A point worthy of mention was that before my screw up I could not get ATI CCC (V11.2) to unlock the performance mode/hardware acceleration window. I tried reinstalling 10.12 and this seemed oK. When I contacted ATI support - they were incredibly vague and said that they had had instances of 11.2 failing this way and said I should stick with my 10.12(??)
Any way to cut a long (and very painful) story I ended up doing a complete rebuild of the system from the bottom up. Having rebuilt the system I then installed all the latest drivers again (including 11.2 - which now worked!). I then installed PD9 the 2504 patch and the contents patch, this was fine until I tried to enter my software key which it would not accept.
I then removed PD9 et al and did the usual cleanup. This time installed the original PD9 and contents pack. I then entered the product key (which was accepted) and then installed 2504 patch.
All now seems well with the ATI monitor showing lots of GPU activity, doing "silly" things with M2ts clips, splitting them, adding transitions, effects, enhancements etc. don't now seem to trouble PD9 at all. So 2504 is good when installed on a clean base system - ie you don't nee to bother with interim patches.
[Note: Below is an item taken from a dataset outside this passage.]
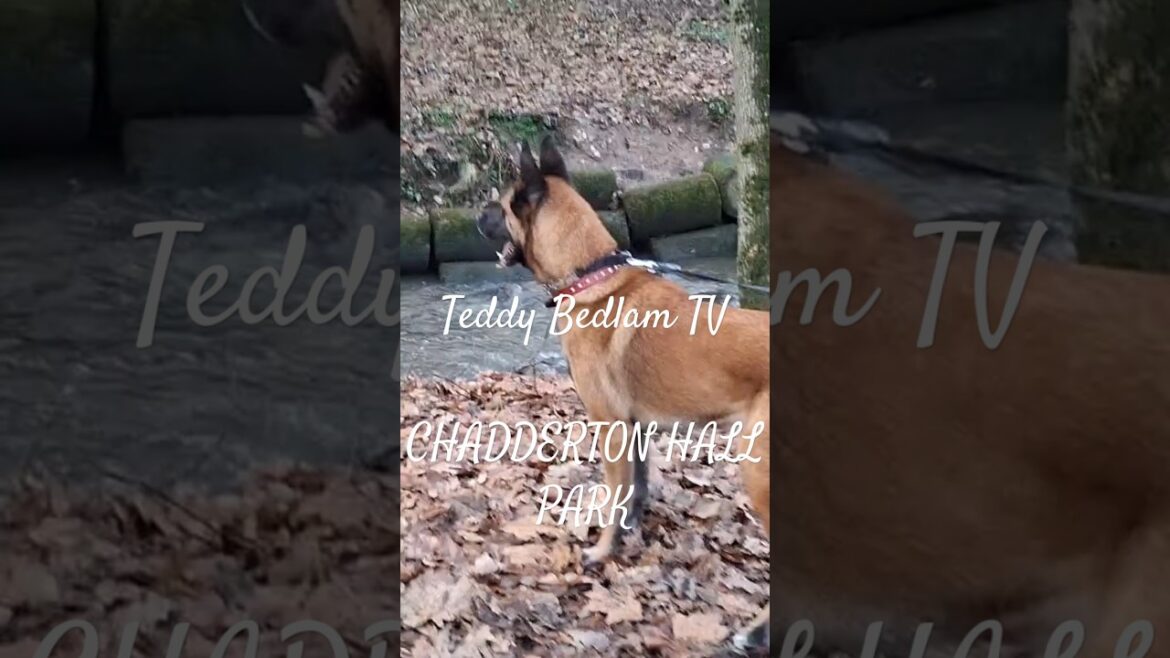 An epic dog day out in Chadderton Hall dog park #dog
I am sorry if this rambles on a bit but 1. If it saves someone from the "features" of Intel's Mass Storage Raid system, which it appears erases the metadata from Raid discs and says the data is lost (wrongly - it is not) 2. Highlights the fragility of the software/hardware interactions involved in Video editing. then it may be worthwhile. PD9 is not terribly "fault tolerant" and does need everything just so - but we all know this so its nothing new. The final message/lesson for me from this is that if the system/PD9 starts malfunctioning. Stop and do a complete system rebuild - its painful but it may well be quicker and less stressful than trying a truly analytical appproach.

"Luddite Don"

So make sure you keep your systems properly backed up! Gigabyte I7/4940 O/C 4.3, Noctua Cooler 10GB DDR3, 4 x 1TB, 1TB SSD, Geoforce GTX660 TI 8500W PSU, Windows 10 Pro 64bit.